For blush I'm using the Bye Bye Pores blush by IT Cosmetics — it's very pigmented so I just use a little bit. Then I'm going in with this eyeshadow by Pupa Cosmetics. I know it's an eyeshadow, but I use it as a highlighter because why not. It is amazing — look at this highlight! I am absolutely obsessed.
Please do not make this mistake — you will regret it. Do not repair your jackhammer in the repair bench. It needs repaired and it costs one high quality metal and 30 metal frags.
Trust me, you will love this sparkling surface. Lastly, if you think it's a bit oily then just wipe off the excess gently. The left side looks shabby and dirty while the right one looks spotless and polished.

...

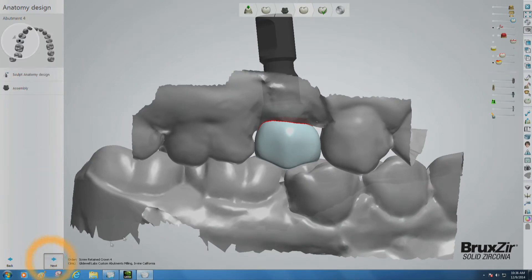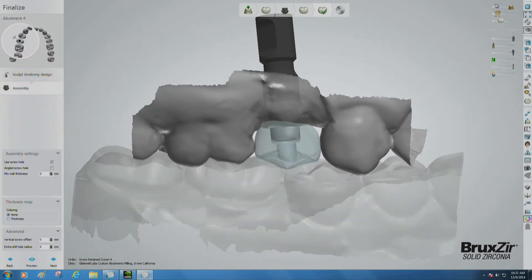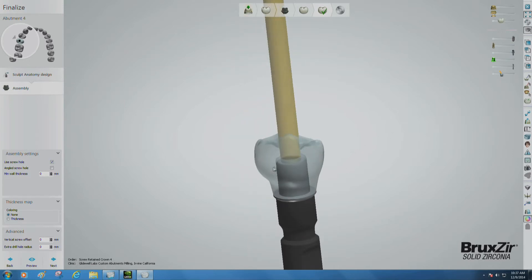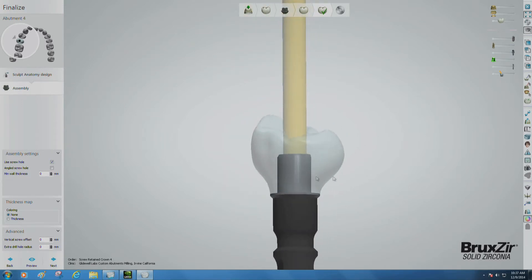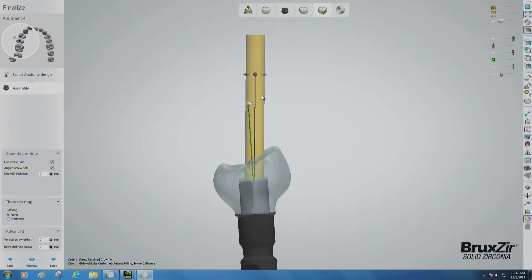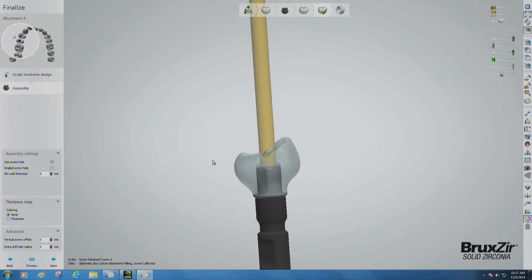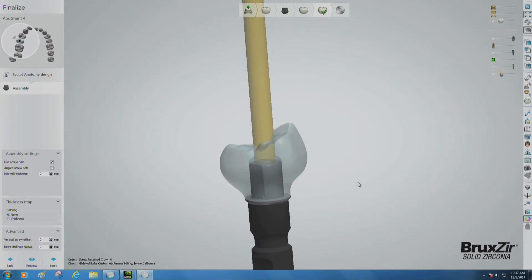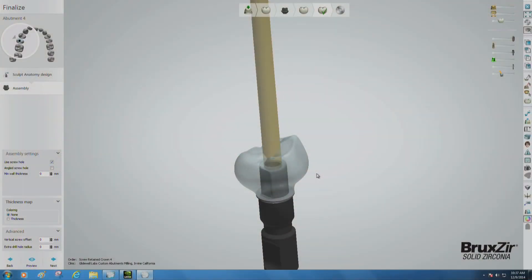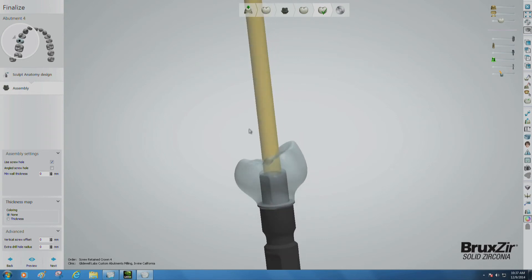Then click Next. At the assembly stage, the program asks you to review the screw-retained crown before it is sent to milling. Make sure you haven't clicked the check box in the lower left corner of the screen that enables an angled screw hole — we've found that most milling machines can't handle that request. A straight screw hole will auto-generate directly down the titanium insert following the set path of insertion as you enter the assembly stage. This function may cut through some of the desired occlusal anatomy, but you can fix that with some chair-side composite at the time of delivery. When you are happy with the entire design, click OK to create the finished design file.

Exercise details
Please, from the entries above, set down exactly the lines from the one containing "Please do not" through the one containing "Trust me, you", and only those.

Solution below
Please do not make this mistake — you will regret it. Do not repair your jackhammer in the repair bench. It needs repaired and it costs one high quality metal and 30 metal frags.
Trust me, you will love this sparkling surface. Lastly, if you think it's a bit oily then just wipe off the excess gently. The left side looks shabby and dirty while the right one looks spotless and polished.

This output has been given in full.